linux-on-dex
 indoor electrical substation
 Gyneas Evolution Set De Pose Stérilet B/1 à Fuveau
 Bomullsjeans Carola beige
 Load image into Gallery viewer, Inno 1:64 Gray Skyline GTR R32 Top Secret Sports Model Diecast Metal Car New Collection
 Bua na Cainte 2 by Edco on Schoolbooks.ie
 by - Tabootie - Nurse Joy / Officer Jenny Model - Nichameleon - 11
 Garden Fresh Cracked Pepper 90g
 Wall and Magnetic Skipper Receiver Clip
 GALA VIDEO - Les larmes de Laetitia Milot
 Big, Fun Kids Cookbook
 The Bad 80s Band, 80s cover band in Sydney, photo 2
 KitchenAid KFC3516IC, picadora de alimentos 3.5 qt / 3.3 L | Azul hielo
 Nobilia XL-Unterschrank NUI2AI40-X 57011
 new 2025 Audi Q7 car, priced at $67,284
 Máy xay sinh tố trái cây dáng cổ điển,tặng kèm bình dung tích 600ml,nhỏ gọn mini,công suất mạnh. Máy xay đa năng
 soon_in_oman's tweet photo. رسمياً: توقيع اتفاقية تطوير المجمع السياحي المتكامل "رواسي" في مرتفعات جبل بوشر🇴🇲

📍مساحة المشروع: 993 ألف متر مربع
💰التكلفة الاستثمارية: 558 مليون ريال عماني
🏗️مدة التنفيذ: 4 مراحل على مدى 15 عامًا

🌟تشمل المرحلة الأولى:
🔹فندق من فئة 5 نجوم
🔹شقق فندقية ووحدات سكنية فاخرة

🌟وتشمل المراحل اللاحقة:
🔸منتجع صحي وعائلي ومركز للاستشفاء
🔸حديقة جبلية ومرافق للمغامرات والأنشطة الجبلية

Instructions for the task:
I need each line above reproduced exactly.

Answer below:
linux-on-dex
 indoor electrical substation
 Gyneas Evolution Set De Pose Stérilet B/1 à Fuveau
 Bomullsjeans Carola beige
 Load image into Gallery viewer, Inno 1:64 Gray Skyline GTR R32 Top Secret Sports Model Diecast Metal Car New Collection
 Bua na Cainte 2 by Edco on Schoolbooks.ie
 by - Tabootie - Nurse Joy / Officer Jenny Model - Nichameleon - 11
 Garden Fresh Cracked Pepper 90g
 Wall and Magnetic Skipper Receiver Clip
 GALA VIDEO - Les larmes de Laetitia Milot
 Big, Fun Kids Cookbook
 The Bad 80s Band, 80s cover band in Sydney, photo 2
 KitchenAid KFC3516IC, picadora de alimentos 3.5 qt / 3.3 L | Azul hielo
 Nobilia XL-Unterschrank NUI2AI40-X 57011
 new 2025 Audi Q7 car, priced at $67,284
 Máy xay sinh tố trái cây dáng cổ điển,tặng kèm bình dung tích 600ml,nhỏ gọn mini,công suất mạnh. Máy xay đa năng
 soon_in_oman's tweet photo. رسمياً: توقيع اتفاقية تطوير المجمع السياحي المتكامل "رواسي" في مرتفعات جبل بوشر🇴🇲

📍مساحة المشروع: 993 ألف متر مربع
💰التكلفة الاستثمارية: 558 مليون ريال عماني
🏗️مدة التنفيذ: 4 مراحل على مدى 15 عامًا

🌟تشمل المرحلة الأولى:
🔹فندق من فئة 5 نجوم
🔹شقق فندقية ووحدات سكنية فاخرة

🌟وتشمل المراحل اللاحقة:
🔸منتجع صحي وعائلي ومركز للاستشفاء
🔸حديقة جبلية ومرافق للمغامرات والأنشطة الجبلية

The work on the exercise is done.